São Paulo – Os partidos políticos brasileiros não estão nos seus melhores dias. Os recentes casos de corrupção e as brigas por poder no Congresso e no Planalto têm reforçado o coro das pessoas que não acreditam mais na importância dessas agremiações para a democracia. Nos protestos, não é dfícil encontrar quem se posicione contra todas as siglas.
Mas, afinal, como seria o Brasil sem os partidos políticos? EXAME.com entrevistou especialistas para saber se a vida política do país seria viável sem essas organizações, e se de fato ficaríamos melhor sem eles.

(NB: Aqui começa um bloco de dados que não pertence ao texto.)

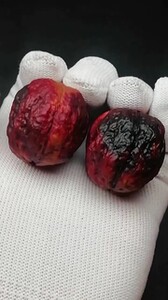 云南铁核桃 七彩方尊蛤蟆头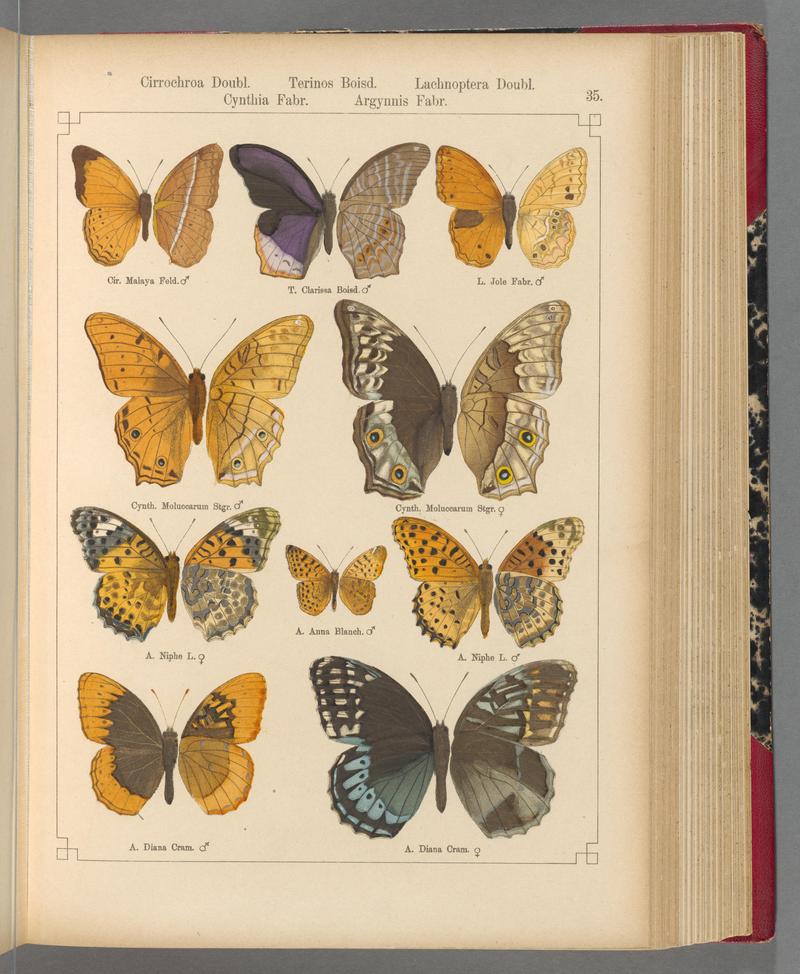 Exotische schmetterlinge (Taf. 35) BHL40070762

A conclusão é que não há solução fácil.
“Não acredito que seria possível dispensarmos os partidos”, diz o cientista político Marco Antônio Teixeira, professor da FGV. Segundo ele, a descrença que essas organizações enfrentam hoje no Brasil tem muito mais a ver com as siglas brasileiras especificamente do que com o sistema político como um todo.
“Os partidos brasileiros são pouco sintonizados com a sociedade, olham mais para o seu projeto de poder do que para um projeto de sociedade. É uma falha mais dos partidos do que do sistema partidário. Qualquer democracia representativa exige a ação coletiva, que acontece através dos partidos”, afirma.
O cientista social Rafael Araújo, professor da PUC e da Fesp-SP, concorda que uma democracia sem partidos não seria viável. Segundo ele, a consequência do fim das siglas seria uma população ainda mais despolitizada.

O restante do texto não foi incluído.